October 2016 – In Memory of Mark BryanPosted: November 15, 2016
Mark Bryan dedicated his career to AVEC.
It was more than just a job. The AVEC members and employees are a big extended family. As with any family, it takes a lot of work to keep it together and functioning.
Mark started as a young buck in 1980, traveling throughout Alaska installing engines, building power lines and fixing whatever needed to be fixed.
He spent his down time—when the fish weren’t running— reading manuals, tinkering with engines and learning more about his trade. Before moving into the office in the mid-’90s Mark was the go-to field guy to answer questions, install the latest controls or get the lights back on in an emergency.
He helped countless people in our communities who all remember his friendly manner and ability to make the best with what was on-hand.
One of our members, an Elder in Nunapitchuk, called to regale us with a story from the early ’80s. He recounted how he had built himself a new house and had wired it with the help of an electrician relative. When the time came to turn on the lights, he turned on the switch expecting to enjoy the hard-earned fruits of his labor: light!
Unfortunately, when he turned on the switch, the bulb popped. Having done that a few times, he was told of an AVEC man at the power plant. He called, and along came Mark. Our member, Robert, recalls seeing him and saying, “Well hello, Mr. Burt Reynolds!” That was Mark in his younger days.
Robert explained his problem. Mark looked at the wiring, inserted a bulb and flipped the switch. Pop!
Mystified, Mark picked up one of the remaining bulbs in the box, examined it, then burst out in his typical roar of laughter. Robert was using a set of 12-volt bulbs for camp lanterns. Mark took the same approach in the office, striving to make things better, broadening his knowledge and becoming a key player in shaping the infrastructure the cooperative has built in the last 20 years.
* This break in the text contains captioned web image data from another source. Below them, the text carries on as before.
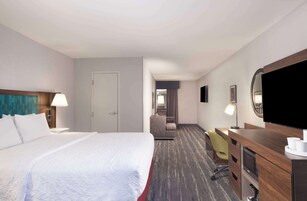 Una habitación de hotel con una cama grande, un escritorio con una silla, televisión y un armario.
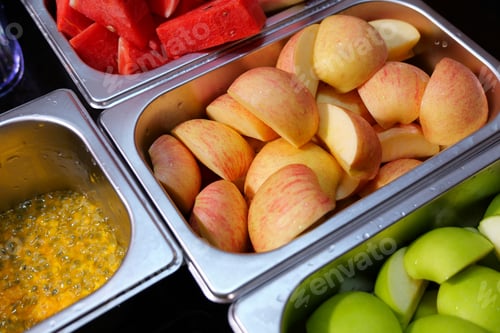 Preview: Assorted fresh fruits neatly arranged in stainless steel containers.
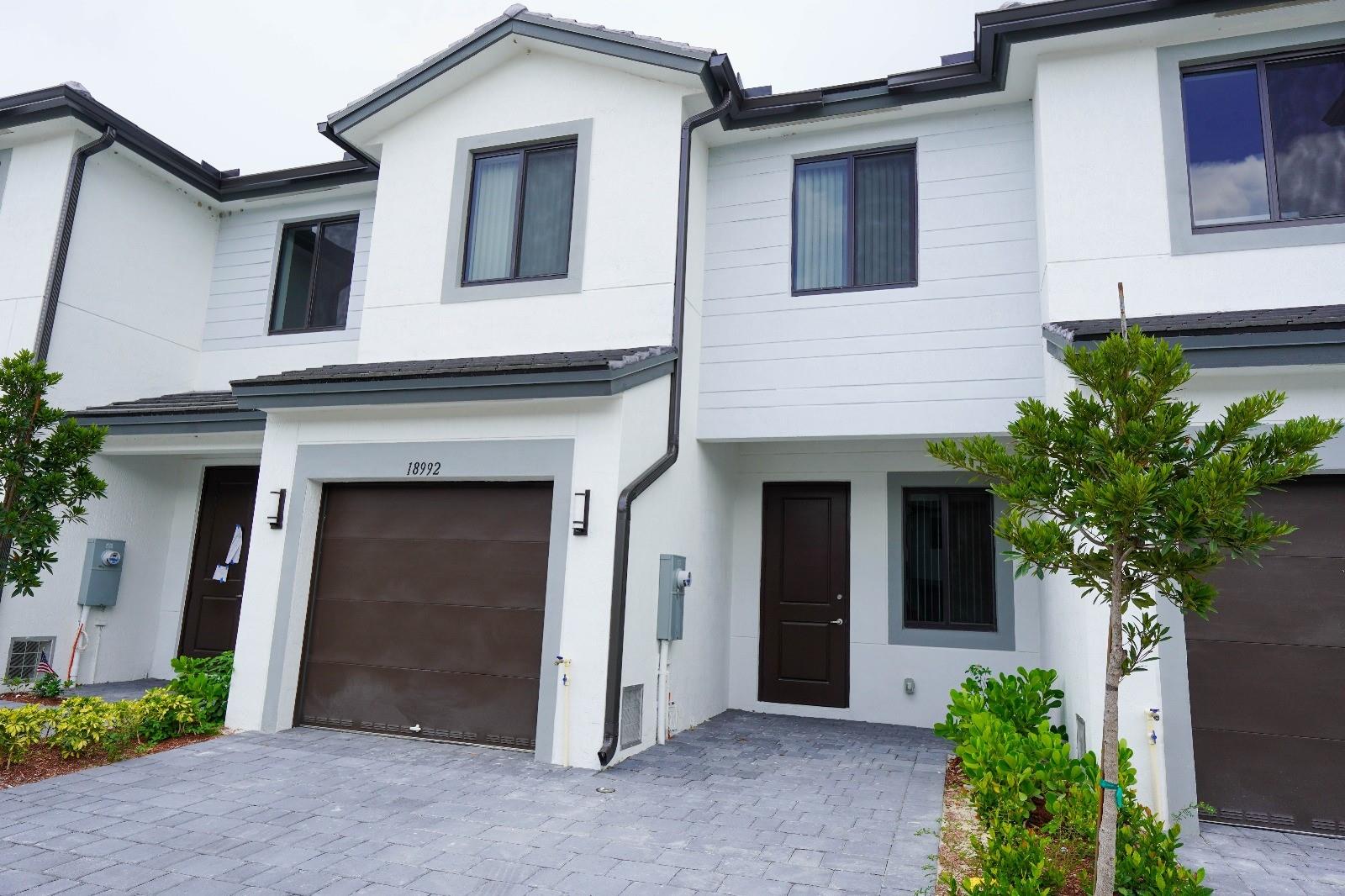 Located in the newly developed Century Park Square community, this modern 2-story townhouse offers 3 bedrooms and 2.5 bathrooms with modern finishes and plenty of natural light. The home features tile flooring throughout, vinyl on the second floor, an open kitchen designed for both everyday living and entertaining, a one-car garage, and a fully fenced backyard for added privacy and relaxation. Just minutes from local shops, dining, and the beloved Robert Is Here fruit stand.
His input, management and dedication can be seen in the power plants in all the AVEC communities. Just about every mechanical and electrical system out there has his finger print on it, not the least of which are the wind-diesel systems working in 14 communities.
Mark worked for the people of the co-op: for the members and for his fellow employees. He did it with a smile and his signature laugh, and he did it well.
His light has not gone out. Because of his legacy, the lights in rural Alaska will not either. Mark made sure AVEC was the best through his outstanding commitment to our communities. He will never be forgotten.